Rev. J. Vincent Fitzgerald OMI

“This is affirmation of this courageous survivor coming forward and stepping up to take some of his power back,” Finnegan said shortly after the verdict was announced. “The size of this verdict will protect kids in the future and serves as a wake-up call for any organizations to make sure that they put the safety of kids first.”

The abuse allegations were not disputed by the diocese. Rather, defense attorneys argued to a jury that Fitzgerald was under the supervision of the Oblates, not the diocese, when the abuse occurred.

Susan Gaertner, the lead attorney for the diocese, reiterated that position in an interview with the News Tribune on Wednesday night.

“It is hard for the diocese to understand being held responsible today for a religious order priest’s actions 37 years ago that the diocese knew nothing about,” she said.

Gaertner said the diocese was reviewing its options and would not rule out an appeal.
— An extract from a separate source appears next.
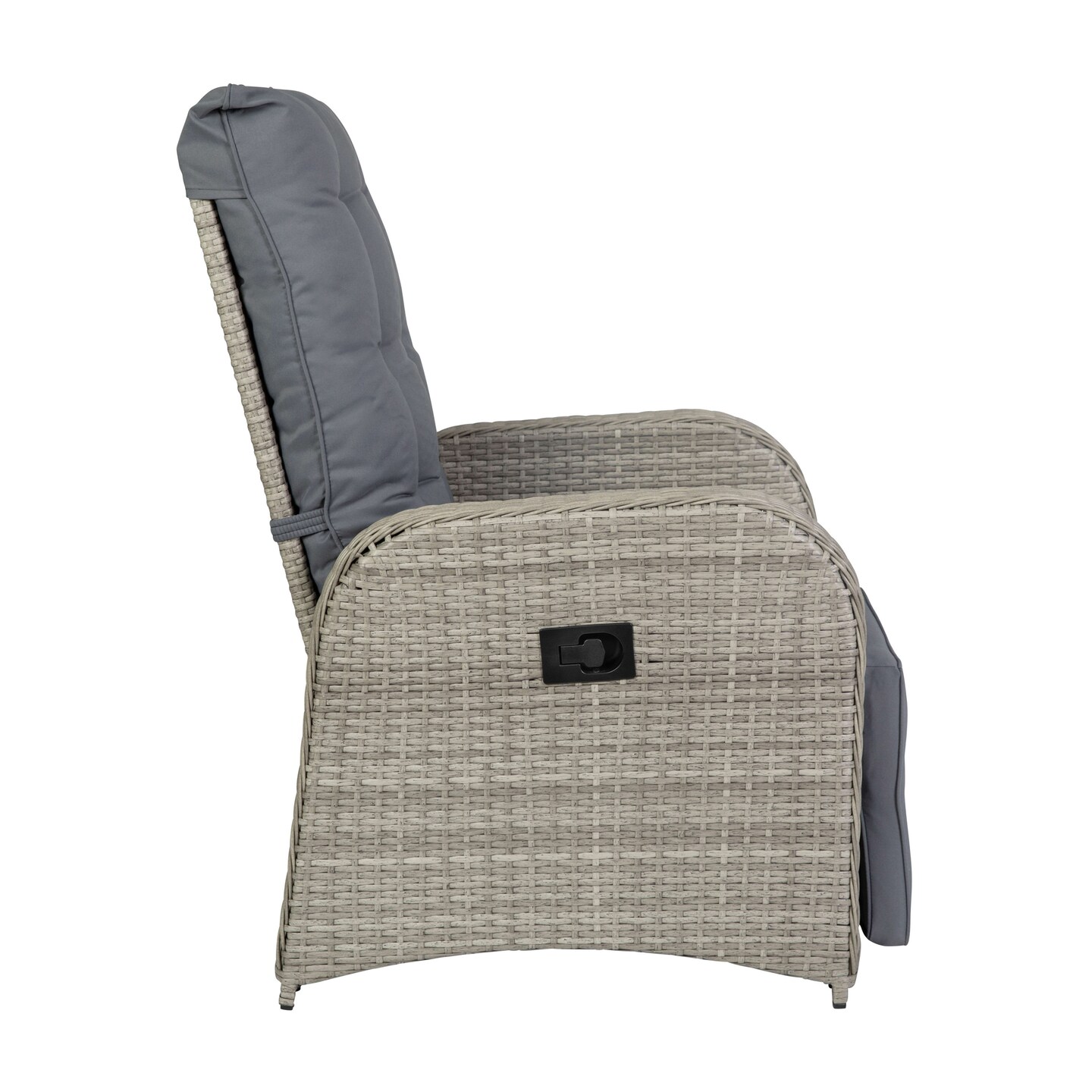 Merrick Lane Selci Set of 2 Modern Style Patio Wicker Rattan Indoor/Outdoor Recliner Lounge Chairs with Side Tables and Adjustable Backs
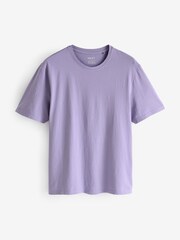 Purple Lilac Regular Fit Essential Crew Neck 100% Cotton T-Shirt - Image 6 of 8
The jury of three men and three women found that the diocese was 60 percent at fault for the abuse. The Oblates, the religious order to which Fitzgerald belonged, was found 40 percent responsible.

Barring a successful appeal or motion to reduce damages, the diocese would be on the hook for approximately $4.9 million of the award. The Oblates previously reached a confidential settlement with Doe 30, likely rendering their portion moot.

Verne Wagner, the northern Minnesota director of the Survivors Network of those Abused by Priests, called the plaintiff “brave” for taking the case to trial.

“This was not about money for this person,” he said. “If it was, this person would’ve settled out of court and taken the sure thing. Instead, he wanted to make sure the church was publicly held accountable.”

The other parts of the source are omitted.